The implementation of the Patient Protection and Affordable Care Act (PPACA) has made planning for health care costs more difficult. PPACA isn’t a cure for runaway costs, nor will it ever insure everyone who is uninsured. That was never its purpose.
This Act is nothing new; it requires cost shifting to succeed. We are shifting health care costs from one group of people to another. Young people will pay more so old people can afford coverage. But that information suffers without a clear definition of who is old. Old is people ages 50 to 64. Why is that important? There are three main reasons:
- Cost shifting: Massive cost shifting is beginning to impact people on Medicare and Medicare Advantage plans. Retirees were promised that PPACA wouldn’t touch Medicare; but that isn’t true. Medicare reimbursements have been reduced dramatically. Medicare Supplement premiums will increase, because they will have to pay more. Medicare Advantage will be decimated. Plans with no premiums will need to add premiums, co-pays will increase dramatically, and stop loss maximums will soar. That means more out-of-pocket costs for retirees. Most retirees will face a lower standard of living unless they can find additional money to fund health care costs.
- Fewer doctors: Doctors are leaving the Medicare system in droves. Many no longer accept Medicare, leaving retirees with fewer choices. Most retirees’ quality of life will decline if they cannot afford to get access to the health care provider they prefer.
- Higher premiums: Premiums will be an especially difficult challenge. Here are two examples. What would the cost consideration be for a couple who want to retire at age 60? What would their premiums and out-of-pocket costs be from age 60 until age 65, when they would be eligible for Medicare? If our clients pay low premiums, then they have enormous deductibles. If they pay high premiums, then the deductibles are lower. Either way, costs can range from $10,000 to $30,000 per year for that couple until age 65. Thus, retiring at age 60 would require between $50,000 and $150,000 for just those five extra years. For retirees over 65, it gets better, but not by much. And with the cost shifting impacting Medicare recipients, it will be even more difficult to plan for those health care costs.
Furthermore, these costs will be dramatically higher a decade from now.

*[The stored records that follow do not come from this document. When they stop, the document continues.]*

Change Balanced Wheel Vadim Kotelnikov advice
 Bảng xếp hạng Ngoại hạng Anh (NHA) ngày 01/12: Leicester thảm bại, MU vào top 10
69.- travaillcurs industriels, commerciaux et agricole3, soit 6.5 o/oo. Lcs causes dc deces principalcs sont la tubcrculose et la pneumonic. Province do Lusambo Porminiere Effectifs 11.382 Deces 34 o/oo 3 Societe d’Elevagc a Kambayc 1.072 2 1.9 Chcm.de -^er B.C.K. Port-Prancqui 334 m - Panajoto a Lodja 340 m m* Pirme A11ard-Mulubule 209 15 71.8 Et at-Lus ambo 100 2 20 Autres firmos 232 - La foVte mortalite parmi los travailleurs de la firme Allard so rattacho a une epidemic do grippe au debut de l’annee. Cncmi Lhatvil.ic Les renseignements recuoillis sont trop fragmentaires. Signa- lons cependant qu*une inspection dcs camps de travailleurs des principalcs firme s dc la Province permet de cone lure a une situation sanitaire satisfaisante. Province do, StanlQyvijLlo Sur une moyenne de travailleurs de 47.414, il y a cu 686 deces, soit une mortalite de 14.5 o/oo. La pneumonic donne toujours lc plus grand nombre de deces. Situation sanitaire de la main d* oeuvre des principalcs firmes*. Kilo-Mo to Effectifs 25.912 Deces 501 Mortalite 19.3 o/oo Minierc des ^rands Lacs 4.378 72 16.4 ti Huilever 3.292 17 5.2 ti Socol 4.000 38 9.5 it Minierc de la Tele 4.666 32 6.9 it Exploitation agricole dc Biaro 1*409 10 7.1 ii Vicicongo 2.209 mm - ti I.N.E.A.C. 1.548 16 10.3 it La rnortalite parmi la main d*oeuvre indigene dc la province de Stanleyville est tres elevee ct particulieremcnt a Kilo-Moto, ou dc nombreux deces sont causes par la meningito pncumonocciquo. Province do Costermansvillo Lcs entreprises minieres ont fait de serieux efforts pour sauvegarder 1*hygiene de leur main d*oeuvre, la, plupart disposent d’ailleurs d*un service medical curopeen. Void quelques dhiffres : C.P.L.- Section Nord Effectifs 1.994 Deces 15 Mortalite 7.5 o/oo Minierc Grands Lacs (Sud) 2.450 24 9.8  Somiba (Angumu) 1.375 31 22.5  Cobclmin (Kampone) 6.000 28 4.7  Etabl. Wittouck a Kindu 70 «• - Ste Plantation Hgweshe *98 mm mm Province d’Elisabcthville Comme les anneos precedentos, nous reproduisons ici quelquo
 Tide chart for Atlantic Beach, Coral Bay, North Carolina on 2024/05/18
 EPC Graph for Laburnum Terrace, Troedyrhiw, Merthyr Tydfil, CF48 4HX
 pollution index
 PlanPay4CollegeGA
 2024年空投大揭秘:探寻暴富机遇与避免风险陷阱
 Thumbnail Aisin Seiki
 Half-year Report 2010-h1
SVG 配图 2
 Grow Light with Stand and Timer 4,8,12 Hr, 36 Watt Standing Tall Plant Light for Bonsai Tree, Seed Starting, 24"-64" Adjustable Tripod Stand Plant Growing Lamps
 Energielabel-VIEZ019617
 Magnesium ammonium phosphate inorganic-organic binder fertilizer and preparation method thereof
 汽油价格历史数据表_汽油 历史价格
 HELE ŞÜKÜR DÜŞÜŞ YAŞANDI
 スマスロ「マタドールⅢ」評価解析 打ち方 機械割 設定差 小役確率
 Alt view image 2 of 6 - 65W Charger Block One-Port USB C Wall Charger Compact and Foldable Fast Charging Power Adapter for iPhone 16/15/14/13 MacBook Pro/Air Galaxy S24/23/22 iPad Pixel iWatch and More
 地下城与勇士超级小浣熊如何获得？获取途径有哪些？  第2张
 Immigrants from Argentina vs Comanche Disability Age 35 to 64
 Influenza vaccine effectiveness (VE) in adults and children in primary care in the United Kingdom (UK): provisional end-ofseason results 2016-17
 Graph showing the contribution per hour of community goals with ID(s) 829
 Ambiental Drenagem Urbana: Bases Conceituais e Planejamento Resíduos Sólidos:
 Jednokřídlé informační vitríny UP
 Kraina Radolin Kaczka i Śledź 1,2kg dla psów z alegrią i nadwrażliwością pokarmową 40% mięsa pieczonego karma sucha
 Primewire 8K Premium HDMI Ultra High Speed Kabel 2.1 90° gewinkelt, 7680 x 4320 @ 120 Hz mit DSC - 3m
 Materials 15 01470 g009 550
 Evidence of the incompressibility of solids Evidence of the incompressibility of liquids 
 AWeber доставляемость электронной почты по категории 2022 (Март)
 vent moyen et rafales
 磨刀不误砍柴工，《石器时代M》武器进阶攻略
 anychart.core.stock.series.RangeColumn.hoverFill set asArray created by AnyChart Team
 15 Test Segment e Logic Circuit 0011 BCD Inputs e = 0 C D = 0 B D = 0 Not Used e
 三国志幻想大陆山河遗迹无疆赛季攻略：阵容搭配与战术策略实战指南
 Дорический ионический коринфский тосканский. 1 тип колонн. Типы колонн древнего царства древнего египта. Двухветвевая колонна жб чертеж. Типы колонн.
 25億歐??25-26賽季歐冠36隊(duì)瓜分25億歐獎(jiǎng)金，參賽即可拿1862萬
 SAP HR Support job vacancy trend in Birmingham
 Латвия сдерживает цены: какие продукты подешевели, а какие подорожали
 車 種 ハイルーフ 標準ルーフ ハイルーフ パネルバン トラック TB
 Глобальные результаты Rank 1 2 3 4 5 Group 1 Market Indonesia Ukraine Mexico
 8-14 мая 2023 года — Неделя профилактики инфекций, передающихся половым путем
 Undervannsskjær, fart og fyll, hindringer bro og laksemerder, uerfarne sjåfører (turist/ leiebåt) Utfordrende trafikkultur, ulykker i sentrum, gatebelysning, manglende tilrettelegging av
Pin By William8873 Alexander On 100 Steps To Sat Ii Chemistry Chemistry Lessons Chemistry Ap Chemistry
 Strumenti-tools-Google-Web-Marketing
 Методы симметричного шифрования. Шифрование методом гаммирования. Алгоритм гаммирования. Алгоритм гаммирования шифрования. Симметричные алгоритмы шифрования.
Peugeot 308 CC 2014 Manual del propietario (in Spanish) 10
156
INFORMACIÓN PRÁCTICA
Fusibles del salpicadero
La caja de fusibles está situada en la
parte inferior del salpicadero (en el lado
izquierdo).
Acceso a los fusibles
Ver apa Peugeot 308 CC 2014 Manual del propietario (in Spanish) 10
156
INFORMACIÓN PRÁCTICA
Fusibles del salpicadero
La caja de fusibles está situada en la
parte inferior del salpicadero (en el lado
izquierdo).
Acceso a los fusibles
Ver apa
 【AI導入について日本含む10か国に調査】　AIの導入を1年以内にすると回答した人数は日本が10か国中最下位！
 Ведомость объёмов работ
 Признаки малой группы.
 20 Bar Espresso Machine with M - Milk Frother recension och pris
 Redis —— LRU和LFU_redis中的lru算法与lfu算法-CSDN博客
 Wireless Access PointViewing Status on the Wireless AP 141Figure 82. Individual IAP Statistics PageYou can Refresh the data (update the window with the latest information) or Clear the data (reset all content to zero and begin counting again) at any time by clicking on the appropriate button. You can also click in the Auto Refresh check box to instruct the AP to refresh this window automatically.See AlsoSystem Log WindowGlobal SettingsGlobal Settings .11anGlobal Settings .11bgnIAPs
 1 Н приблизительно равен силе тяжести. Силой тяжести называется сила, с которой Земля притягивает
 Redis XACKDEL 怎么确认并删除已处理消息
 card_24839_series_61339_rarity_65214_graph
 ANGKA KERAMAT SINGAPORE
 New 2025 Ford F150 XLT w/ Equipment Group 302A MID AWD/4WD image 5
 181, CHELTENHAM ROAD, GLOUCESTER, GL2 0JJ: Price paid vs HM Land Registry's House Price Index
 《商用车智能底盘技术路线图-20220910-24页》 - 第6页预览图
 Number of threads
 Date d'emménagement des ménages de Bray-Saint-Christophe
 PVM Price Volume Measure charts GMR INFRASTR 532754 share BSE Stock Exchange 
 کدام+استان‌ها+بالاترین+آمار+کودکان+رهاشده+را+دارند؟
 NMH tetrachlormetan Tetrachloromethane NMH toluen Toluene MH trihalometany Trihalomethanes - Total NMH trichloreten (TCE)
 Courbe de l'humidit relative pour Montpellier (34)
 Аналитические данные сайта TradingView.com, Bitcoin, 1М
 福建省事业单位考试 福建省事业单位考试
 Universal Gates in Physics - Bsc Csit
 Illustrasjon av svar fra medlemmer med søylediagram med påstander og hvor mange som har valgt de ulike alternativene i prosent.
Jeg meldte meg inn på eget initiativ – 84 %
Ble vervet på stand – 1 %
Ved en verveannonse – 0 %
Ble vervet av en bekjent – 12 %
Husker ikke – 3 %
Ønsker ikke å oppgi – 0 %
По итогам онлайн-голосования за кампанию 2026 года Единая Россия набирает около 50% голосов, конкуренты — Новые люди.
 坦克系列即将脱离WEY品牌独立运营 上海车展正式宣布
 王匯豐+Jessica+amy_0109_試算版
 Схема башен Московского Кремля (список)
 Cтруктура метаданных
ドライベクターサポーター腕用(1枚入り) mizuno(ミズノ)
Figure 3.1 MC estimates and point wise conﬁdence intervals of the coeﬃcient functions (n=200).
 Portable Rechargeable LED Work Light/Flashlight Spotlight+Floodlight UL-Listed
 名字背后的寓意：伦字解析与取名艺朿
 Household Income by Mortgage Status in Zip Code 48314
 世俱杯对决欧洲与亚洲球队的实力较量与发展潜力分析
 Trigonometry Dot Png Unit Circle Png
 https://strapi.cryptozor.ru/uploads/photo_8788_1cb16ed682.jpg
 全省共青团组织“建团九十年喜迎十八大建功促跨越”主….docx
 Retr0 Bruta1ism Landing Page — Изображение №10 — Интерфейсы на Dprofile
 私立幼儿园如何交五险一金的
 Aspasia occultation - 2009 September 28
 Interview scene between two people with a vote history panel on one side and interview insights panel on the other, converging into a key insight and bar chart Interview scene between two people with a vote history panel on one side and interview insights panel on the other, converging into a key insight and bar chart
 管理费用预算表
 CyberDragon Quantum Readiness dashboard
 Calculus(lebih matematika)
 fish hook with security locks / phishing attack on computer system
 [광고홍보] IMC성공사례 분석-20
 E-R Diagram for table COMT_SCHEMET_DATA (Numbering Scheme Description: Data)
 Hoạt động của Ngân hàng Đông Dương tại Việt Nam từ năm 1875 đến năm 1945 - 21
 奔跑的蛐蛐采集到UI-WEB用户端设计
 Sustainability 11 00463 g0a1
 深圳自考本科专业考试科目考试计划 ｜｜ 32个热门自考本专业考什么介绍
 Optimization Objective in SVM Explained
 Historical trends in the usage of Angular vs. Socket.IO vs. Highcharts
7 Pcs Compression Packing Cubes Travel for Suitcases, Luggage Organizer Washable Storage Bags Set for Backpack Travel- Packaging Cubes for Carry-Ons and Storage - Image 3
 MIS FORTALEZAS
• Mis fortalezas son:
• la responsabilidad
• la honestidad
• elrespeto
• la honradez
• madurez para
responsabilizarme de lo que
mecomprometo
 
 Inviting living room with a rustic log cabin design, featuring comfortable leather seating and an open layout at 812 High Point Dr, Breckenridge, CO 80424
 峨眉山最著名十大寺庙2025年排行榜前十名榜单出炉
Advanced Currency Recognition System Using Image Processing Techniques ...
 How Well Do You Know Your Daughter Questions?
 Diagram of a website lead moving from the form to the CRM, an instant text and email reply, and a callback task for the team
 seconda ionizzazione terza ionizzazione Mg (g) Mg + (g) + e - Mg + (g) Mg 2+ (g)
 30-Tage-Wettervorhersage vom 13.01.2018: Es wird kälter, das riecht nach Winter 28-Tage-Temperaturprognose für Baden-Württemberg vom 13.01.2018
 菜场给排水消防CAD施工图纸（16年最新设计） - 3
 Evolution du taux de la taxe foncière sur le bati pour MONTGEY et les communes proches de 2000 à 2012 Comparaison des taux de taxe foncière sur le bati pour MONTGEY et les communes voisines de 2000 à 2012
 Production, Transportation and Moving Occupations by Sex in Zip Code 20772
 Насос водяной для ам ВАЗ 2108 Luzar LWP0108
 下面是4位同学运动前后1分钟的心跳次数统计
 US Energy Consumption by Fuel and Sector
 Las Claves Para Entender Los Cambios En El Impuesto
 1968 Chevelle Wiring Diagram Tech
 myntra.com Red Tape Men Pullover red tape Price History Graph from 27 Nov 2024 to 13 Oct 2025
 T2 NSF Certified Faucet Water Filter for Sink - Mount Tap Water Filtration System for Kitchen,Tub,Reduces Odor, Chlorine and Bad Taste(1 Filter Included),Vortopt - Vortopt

Fidelity Investments provides an annual estimate of what seniors can expect to pay for health care during their retirement. The number is currently $220,000 per couple — and Fidelity used a low inflation rate to arrive at that figure!
This information is really disconcerting, because half of Americans arrive at retirement with nothing saved. Seventy-five percent have saved less than $28,000, and even for that top quarter, the average amount saved is $147,000. How can retirees expect to live quality lives for 20 years with so little money, much less handle the enormous health costs they face?
The opportunity is spectacular. We must see everyone we can. We must share this information, and we must show that we have strategies that use the financial miracles of compound interest, tax-deferred compound interest, and — the greatest financial miracle of all — leverage to help maximize every retirement dollar our clients have. Get out there and help people!